My last PT for Siemens Energy was €20/share. I’m not changing it.
Thesis
My thesis for Siemens Energy is as follows:
- The company is one of the more interesting plays in all of Europe on a mix of legacy Gas/power as well as a massive Renewable operation it seeks to pull from the public markets. The company is a transformation play, with a “due date” of 2023-2025 at the earliest, but now is the time to invest.
- I’m going in deeper, and I assign a “BUY” here with a PT of €20/share for the long term.

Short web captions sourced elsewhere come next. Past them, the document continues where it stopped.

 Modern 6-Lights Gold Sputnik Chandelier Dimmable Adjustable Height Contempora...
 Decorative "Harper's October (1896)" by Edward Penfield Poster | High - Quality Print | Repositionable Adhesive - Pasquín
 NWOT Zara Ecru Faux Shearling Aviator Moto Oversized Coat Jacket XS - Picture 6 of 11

- Siemens Energy is a “BUY” for me – and I recently bought more.
Remember, I’m all about:
- Buying undervalued – even if that undervaluation is slight and not mind-numbingly massive – companies at a discount, allowing them to normalize over time and harvesting capital gains and dividends in the meantime.
- If the company goes well beyond normalization and goes into overvaluation, I harvest gains and rotate my position into other undervalued stocks, repeating #1.

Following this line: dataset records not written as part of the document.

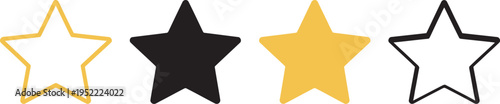 A collection of four simple star shapes in different styles and colors for design purposes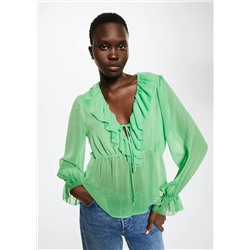 Blusa cuello volantes -  Mujer | MANGO OUTLET España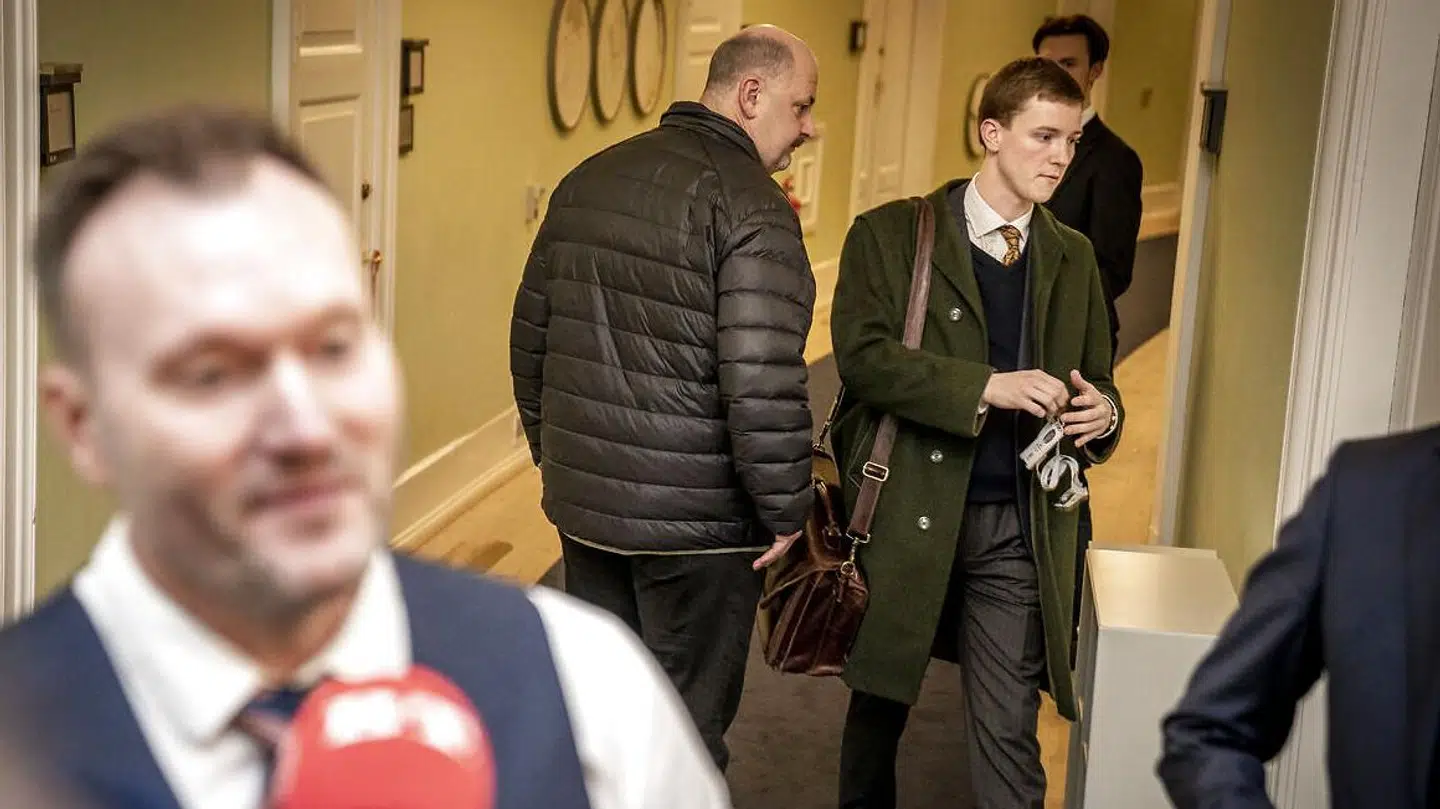 Lars Boje Mathiesen og Mikkel Bjørn, efter at Nye Borgerlige har afholdt ekstraordinært hovedbestyrelsesmøde for at drøfte valget af en ny formand på Christiansborg tirsdag 17. januar 2023. Mikkel Bjørn kunne ikke støtte Lars Boje Mathiesen.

- If the company doesn’t go into overvaluation but hovers within a fair value, or goes back down to undervaluation, I buy more as time allows.
- I reinvest proceeds from dividends, savings from work, or other cash inflows as specified in #1.
Here are my criteria and how the company fulfills them (italicized)
- This company is overall qualitative.
- This company is fundamentally safe/conservative & well-run.
- This company pays a well-covered dividend.
- This company is currently cheap.
- This company has a realistic upside based on earnings growth or multiple expansion/reversion.
It’s no longer as cheap, but I still believe Siemens Energy to be quite cheap. For that reason, I’m going with a “BUY” here.